Türkiye’de Yeni Bir Sigorta Kolu: Bakım Sigortası Yaşlılıkta Çare Olacak
Türkiye İstatistik Kurumu’nun (TÜİK) verilerine göre, ülkemizde nüfus artış hızında gözle görülür bir düşüş meydana gelmektedir. 2022 yılı itibarıyla binde 7,1 olan bu oran, 2023 yılında binde 1,1 seviyelerine gerilemiştir. Yaşlı nüfusun hızlı artışı ve genç nüfusta yaşanan azalma, yaşlı bakım hizmetlerine yönelik yeni bir ihtiyacı gündeme getirmiştir. Geleneksel bakım hizmetlerinin yetersiz kalmasıyla birlikte, Sosyal Güvenlik Kurumu (SGK) Başmüfettişi İsa Karakaş, konuyla ilgili önemli açıklamalarda bulunmuştur.
Bakım Sigortası ile Yaşlılık Güvencesi
Kapitalizm ve bireyselleşmenin etkisiyle yaşlanan nüfus için önemli bir yenilik olarak “Tamamlayıcı Uzun Süreli Bakım Sigortası” üzerine ağırlık verildiği ifade edilmektedir. Türkiye Gazetesi’nde yer alan yazısında İsa Karakaş, Orta Vadeli Program, Kalkınma Planı ve Cumhurbaşkanlığı Programı’nda bu konunun öncelik arz ettiğini vurgulamıştır. Uzun süredir tartışılan bu yeni sigorta kolunun hayata geçirilmesi, hem ülkemizdeki yaşlı bireyler hem de sosyal güvenlik sistemi açısından büyük bir gereklilik olarak ortaya çıkmıştır.
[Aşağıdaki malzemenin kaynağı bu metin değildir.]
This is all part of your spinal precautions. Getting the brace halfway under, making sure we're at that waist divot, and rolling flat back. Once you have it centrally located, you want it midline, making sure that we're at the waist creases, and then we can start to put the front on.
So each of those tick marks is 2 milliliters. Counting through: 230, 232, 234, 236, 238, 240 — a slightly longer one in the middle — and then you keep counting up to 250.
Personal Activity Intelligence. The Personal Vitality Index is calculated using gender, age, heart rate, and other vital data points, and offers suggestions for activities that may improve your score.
Karakaş, “Ülkemizde yaşlı ve bakıma muhtaç bireyler için bu sigortanın ihdas edilmesi kaçınılmazdır” şeklinde bir ifade kullanmıştır.
Değişen Dünya Düzeni: Aile Bağları Zayıflıyor
Özellikle şehirleşmenin hız kazanması, göç hareketleri ve iş gücü düzenindeki değişiklikler, aile yapısında önemli bir dönüşümlere yol açmaktadır. Bu değişim, bakıma muhtaç yaştaki kişilerin sayısının artmasıyla birlikte ailelerin bakım yükümlülüğünü üstlenme eğiliminde bir azalmaya neden olmaktadır. Dolayısıyla, sosyal güvenlik sisteminin bu tür bireylere yönelik sunduğu hizmetlerin yetersizliği, bakım sigortası uygulamasının gerekliliğini daha da vurgulamaktadır.
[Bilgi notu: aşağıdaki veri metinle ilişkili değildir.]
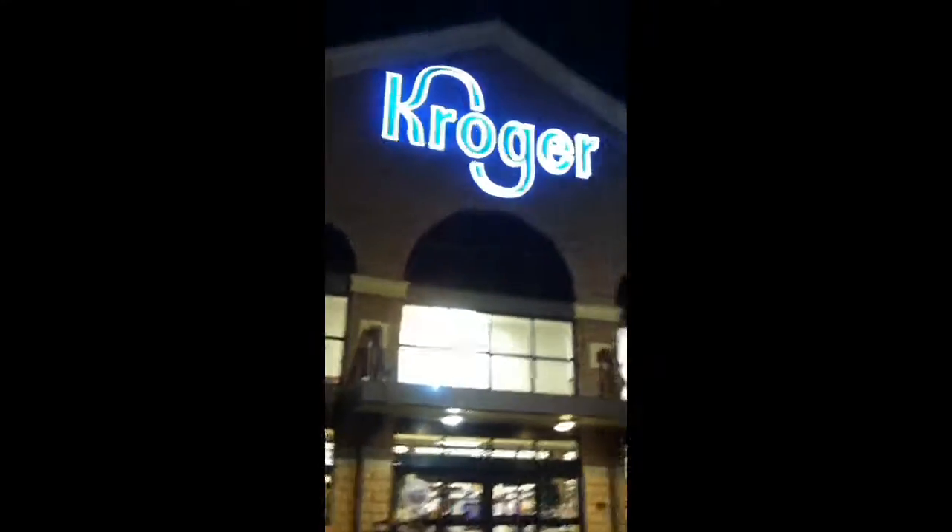Oh yeah, parking lot — night trip to Kroger's.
Almanya Modeli Örnek Alınıyor
Almanya, yaşlı nüfusun artışı sonucunda bakım sigortası uygulamasını yaklaşık 28 yıl önce devreye sokmuş ve bu politikayı başta çalışanlar olmak üzere işveren katkılarıyla yürütmüştür. Almanya’daki bu model, devlet desteğinin yanı sıra sosyal güvenlik sisteminin sürdürülebilirliğini sağlamış ve başarılı sonuçlar elde edilmiştir. Türkiye’de düşünülen bakım sigortası uygulamasının da benzer bir modeli baz alarak hayata geçirilmesi hedeflenmektedir.
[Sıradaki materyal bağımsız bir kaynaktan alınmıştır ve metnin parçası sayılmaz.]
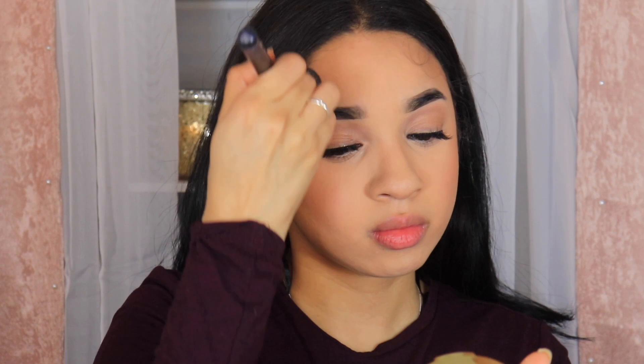For bronzer I'm taking the Milani Baked Bronzer in Luminoso, then I set my face. The entire face is done — we've got bronzer, concealer, blush, everything. It all worked nicely with the foundation. The foundation did not break up and everything laid on top pretty well. Kudos to that.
Kamu ve Özel Sektör Birlikte Çalışabilir
Bakım sigortası uygulaması ile birlikte, hizmetlerin yalnızca kamu kuruluşları tarafından değil, özel sektör işletmeleri aracılığıyla da sunulması planlanmaktadır. Böylece, hem kamu hem de özel sektör girişimlerinin, bakıma muhtaç bireylerin ihtiyaçlarına karşılıklı iş birliği yaparak daha etkili bir şekilde yanıt vermesi hedeflenmektedir. Bu durum, bakım hizmetlerinin çeşitlendirilmesi ve kalitesinin artırılması anlamında büyük bir potansiyel taşımaktadır.